District Judge Carlos Dabezies

District Judge Robert Hill

David di Mambro

Philip Rainey

Richard Walford

Peter Candon

Andrew Parker

I allow these Rules

Jack Straw

Lord Chancellor

26th July 2007

Rule 7

SCHEDULE 1

Derivative claims– how started

19.9.(1) This rule—

(a)applies to a derivative claim (where a company, other body corporate or trade union is alleged to be entitled to claim a remedy, and a claim is made by a member of it for it to be given that remedy), whether under Chapter 1 of Part 11 of the Companies Act 2006(17) or otherwise; but

(b)does not apply to a claim made pursuant to an order under section 944 of that Act.

(2) A derivative claim must be started by a claim form.

(3) The company, body corporate or trade union for the benefit of which a remedy is sought must be made a defendant to the claim.

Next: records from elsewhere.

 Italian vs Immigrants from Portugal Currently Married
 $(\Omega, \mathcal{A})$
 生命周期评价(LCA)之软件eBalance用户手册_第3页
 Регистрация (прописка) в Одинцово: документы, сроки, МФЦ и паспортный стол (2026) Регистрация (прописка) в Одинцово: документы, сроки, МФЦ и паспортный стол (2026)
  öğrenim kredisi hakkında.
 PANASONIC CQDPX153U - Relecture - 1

(4) After the issue of the claim form, the claimant must not take any further step in the proceedings without the permission of the court, other than—

(a)a step permitted or required by rule 19.9A or 19.9C; or

(b)making an urgent application for interim relief.

Derivative claims under Chapter 1 of Part 11 of the Companies Act 2006 – application for permission

19.9A.(1) In this rule—

(2) When the claim form for a derivative claim is issued, the claimant must file—

(a)an application notice under Part 23 for permission to continue the claim; and

(b)the written evidence on which the claimant relies in support of the permission application.

(3) The claimant must not make the company a respondent to the permission application.

(4) Subject to paragraph (7), the claimant must notify the company of the claim and permission application by sending to the company as soon as reasonably practicable after the claim form is issued—

(a)a notice in the form set out in the practice direction supplementing this rule, and to which is attached a copy of the provisions of the Act required by that form;

(b)copies of the claim form and the particulars of claim;

(c)the application notice; and

(d)a copy of the evidence filed by the claimant in support of the permission application.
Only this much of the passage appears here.